Pourtant le sénéchal semble insinuer que Jean Robert aurait pu avoir un motif de léser son maître : 

Il (Jean Robert) admet qu'il y a sept jour, Jean Lefèvre, procureur de Juzet, le frappa d'un grand coup de bâton sans lui dire pourquoi. Mais il dit toutefois que malgré cela, il n'a pas procuré la perte des biens dudit sieur de la Chalousaie. Il dit n'avoir jamais été soldat et ne connait aucun des soldats et capitaines qui sont dans Redon sous la charge dudit sieur duc de Mercoeur.

Il a dit ne savoir signer.

C'est au tour de Jean Daval, fils d'Antoine Daval demeurant à présent à la métairie de Feuildel, appartenant donc au sieur de la Chalousaie, âgé de seize ans ou environ, de témoigner.

Celui-ci déclare que lundi dernier les soldats qui sont à Redon vinrent à la maison de Feuildel quérir le bétail et y faire plusieurs insolences. Mais il n'y fut pas présent et n'en saurait parler sinon par l'avoir oui dire. 

Ce n'est encore pas un témoin direct des faits. Jean Daval ajoute cependant :

Mais dit que le lendemain mardi, environ midi, il se trouva au moulin de Feuildel où pareillement était Jean Robert. Celui-ci confessa audit témoin que le jour d'avant il avait été audit Redon et avait vu les soldats qui étaient venus audit lieu de Feuildel et en avoir reconnu une partie, même qu'il avait parlé avec eux et qu'ils lui avaient dit qu'ils allaient à Fégréac ; toutefois qu'ils avaient tourné leur chanson parce qu'ils étaient venus à ladite maison de Feuildel appartenant au sieur de la Chalousaie. 

Voilà ce qu'il déclare du vol dont on s'est amplement enquis, et ne savoir signer.

Apparemment donc, Jean Robert, selon Jean Daval, connaissait les soldats qui avaient volé le bétail de Feuildel alors qu'auparavant il déclarait dans sa déposition le contraire.


L'affaire sans doute en resta là car après la mort d'Henri III, le sénéchal dut calmer son ardeur procédurière. Les choses se stabilisèrent et Mercoeur continua de tenir cour à Nantes pendant une dizaine d'année encore.

Le dossier du sénéchal livre par ailleurs une petite surprise (pour moi en tout cas) car s'y trouve le nom de la "Hygnonnaie", c'est-à-dire ma Hyonnais actuelle où je réside à Guémené.

La mention en est fournie au détour d'une autre affaire qui se déroule à Guichen au sud de Rennes. A l'évidence, la place est tenue par les troupes du roi Henri III quand une escouade de gens de Mercoeur fait irruption.

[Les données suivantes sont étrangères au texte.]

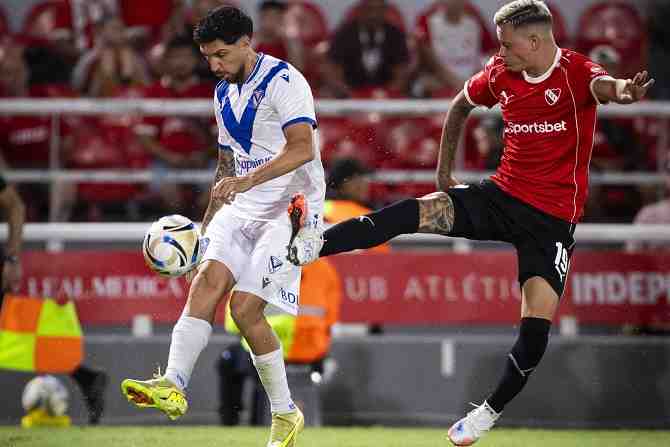 La pausa de Diego Valdés se impone en el barullo del fútbol argentino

S'ensuit, dans le témoignage recueilli, la liste des gens de Mercoeur parmi lesquels : [le sieur de la] Hygnonnaie et son frère, de Guémené.




















Quelques décennies plus tard, le sieur de la Hygnonnaie sera Etienne Rochedreux. Difficile de savoir, toutefois, si les frères Ligueurs de 1589 dont il est fait état, étaient des parents de cet Etienne qui mourut à Balleron, près du bourg de Guémené.